Bring the Family, released in 1987, is a joy, from start to finish, the four musicians laying down a lean muscle honed from their collective road and studio experiences, Hiatt's holler a celebrant to his limited range: who needs more notes when you can do this much with these? Plus the songs, ten gems that can crack open a smile just from memory. Even if you don't know them, you know them, and even if you do, even over know them from the myriad cover versions of many, the freshness and vitality of the originals stand head and shoulder over most of those. It is hard to believe the whole project took only four days, Lowe sharing a motel room with Hiatt to keep costs down, Cooder delaying his departure a few hours as the final song was hastily written.

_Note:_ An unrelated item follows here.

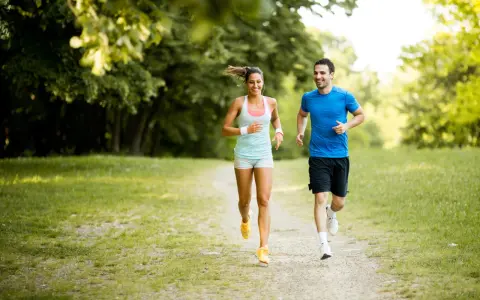 Ein lachendes Paar joggt glücklich durch einen sonnigen Park. Sie genießen die frische Luft und die Bewegung – das ist, was Joggen bringt.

Neither the schedules of the four musicians, nor, then, the budget could allow this line-up any time on  the road. True, Hiatt rounded up some likely culprits, including perhaps the only man who could reasonably ever deputise for Cooder, bayou slide master, Sonny Landreth, and they hit the trail.  Following in the slipstream of Bring the Family, this crew, the Goners, produced a second deal breaking LP for Hiatt, Slow Turning, only a whisker away from being as good as its predecessor, being merely excellent. Hiatt was on a roll, with these and his next seven records all making substantive waves in the Billboard chart.

But the dream team were not done. In 1992 the diaries of Hiatt, Lowe, Cooder and Keltner finally realigned, and they went back into the studio. This time a band, Little Village, also the name of the sole studio offering, having ditched the earlier, and better, working title of Hiatus, and this time a pooling of resources, rather than just a backing band for Hiatt. The songs were all co-writes between the four, and whilst Hiatt sings the majority, Lowe took lead on two, Cooder on one. Perhaps there was too much hope, but the lightning failed to strike twice, and it was a deeply disappointing set. Nick Lowe later said they were given too much time. The subsequent tour was a little better, live sets testifying to that, allowing a presentation of some Bring the Family favourites, as well as scattering of Cooder's solo repertoire. One could sense a simmer of "sibling" rivalry, maybe some resentment that Hiatt was drawing more focus over Cooder's own sense of entitlement. It all ended, apparently, in tears.

Hiatt remains on the road, as do his former compadres, occasionally sharing a bill with one or another, all now senior statesmen and rightly so. Hiatt's recent work is, in my opinion, still of top quality and can stand close to the height of this period. Give him a go.